Aujourd’hui, l’agro-industrie représente environ 25 % de l’industrie marocaine, en termes de valeur ajoutée et de contribution à l’économie nationale, dépassant même certains secteurs phares comme l’automobile. Pourtant, peu d’entreprises du secteur choisissent la Bourse comme source de financement. Mais des sociétés comme Dari Couspate ou Cartier Saada ont sauté le pas.
L’un des effets les plus structurants de l’entrée en Bourse réside dans l’amélioration de la gouvernance. Dari Couspate a été amenée à intégrer des administrateurs indépendants, ce qui aurait été inimaginable auparavant. Cette évolution a offert un regard neuf sur la gestion et la stratégie, avec des décisions mieux éclairées et un pilotage plus rigoureux. "La gouvernance s’est professionnalisée, apportant un bénéfice considérable en termes de transparence et de structuration", confirme le Directeur général de la société.

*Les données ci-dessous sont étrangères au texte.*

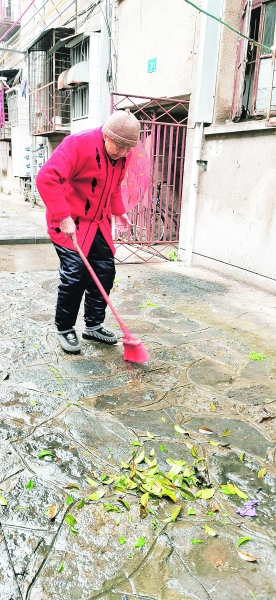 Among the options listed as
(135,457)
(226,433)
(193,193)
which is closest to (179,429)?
(226,433)

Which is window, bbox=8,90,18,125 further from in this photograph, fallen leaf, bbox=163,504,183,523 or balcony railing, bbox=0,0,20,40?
fallen leaf, bbox=163,504,183,523

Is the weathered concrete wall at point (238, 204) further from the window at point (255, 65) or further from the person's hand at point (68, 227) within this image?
the person's hand at point (68, 227)

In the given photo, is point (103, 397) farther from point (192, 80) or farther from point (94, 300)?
point (192, 80)

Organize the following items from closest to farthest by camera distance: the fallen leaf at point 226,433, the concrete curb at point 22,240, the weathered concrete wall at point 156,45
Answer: the fallen leaf at point 226,433, the weathered concrete wall at point 156,45, the concrete curb at point 22,240

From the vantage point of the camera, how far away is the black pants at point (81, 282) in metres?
3.45

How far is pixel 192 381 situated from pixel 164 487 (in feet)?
4.06

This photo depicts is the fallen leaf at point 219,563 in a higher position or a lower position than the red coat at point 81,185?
lower

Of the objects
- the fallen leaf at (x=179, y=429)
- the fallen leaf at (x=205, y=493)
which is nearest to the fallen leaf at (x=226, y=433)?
the fallen leaf at (x=179, y=429)

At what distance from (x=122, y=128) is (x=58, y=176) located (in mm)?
540

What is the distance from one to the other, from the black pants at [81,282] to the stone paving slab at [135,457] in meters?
0.30

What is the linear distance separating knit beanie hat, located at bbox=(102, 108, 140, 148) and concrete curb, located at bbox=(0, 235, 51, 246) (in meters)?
5.77

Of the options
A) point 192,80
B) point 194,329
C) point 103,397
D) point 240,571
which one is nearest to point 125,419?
point 103,397

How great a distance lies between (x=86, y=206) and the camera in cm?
344

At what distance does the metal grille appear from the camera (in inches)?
536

Pour les PME, cette évolution est essentielle. Au quotidien, les équipes dirigeantes sont souvent absorbées par l’opérationnel et manquent parfois de recul sur certaines décisions stratégiques. L’apport d’une gouvernance structurée, sous l’impulsion des règles du marché, permet de renforcer la résilience de l’entreprise et d’assurer sa pérennité.
L’introduction en Bourse a également permis à Dari Couspate un gain de crédibilité indéniable, tant au niveau bancaire que commercial. Dans leurs interactions avec les autorités, les clients et les partenaires étrangers, le fait d’être coté s’est révélé être un facteur de différenciation majeur. De nombreuses portes se sont ouvertes, y compris à l’international.
L’expérience de Dari Couspate est une preuve tangible que la Bourse n’est pas uniquement réservée aux grandes structures. Bien sûr, elle impose des contraintes et demande une certaine maturité de gestion, mais elle offre en retour une visibilité accrue, un accès facilité aux financements et une amélioration structurelle de la gouvernance.
Dari Couspate affiche une capitalisation boursière de un milliard de dirhams pour près de 900 MDH de chiffre d'affaires. Le management annonce régulièrement des opérations de croissance externe bien négociées et à fort impact sur la rentabilité. En Bourse, les investisseurs considèrent Dari Couspate comme une entreprise bien gérée, opérant dans un secteur à haut potentiel, avec une marque qui s'exporte un peu partout dans le monde.
Le titre gagnerait bien plus en visibilité s’il était plus liquide.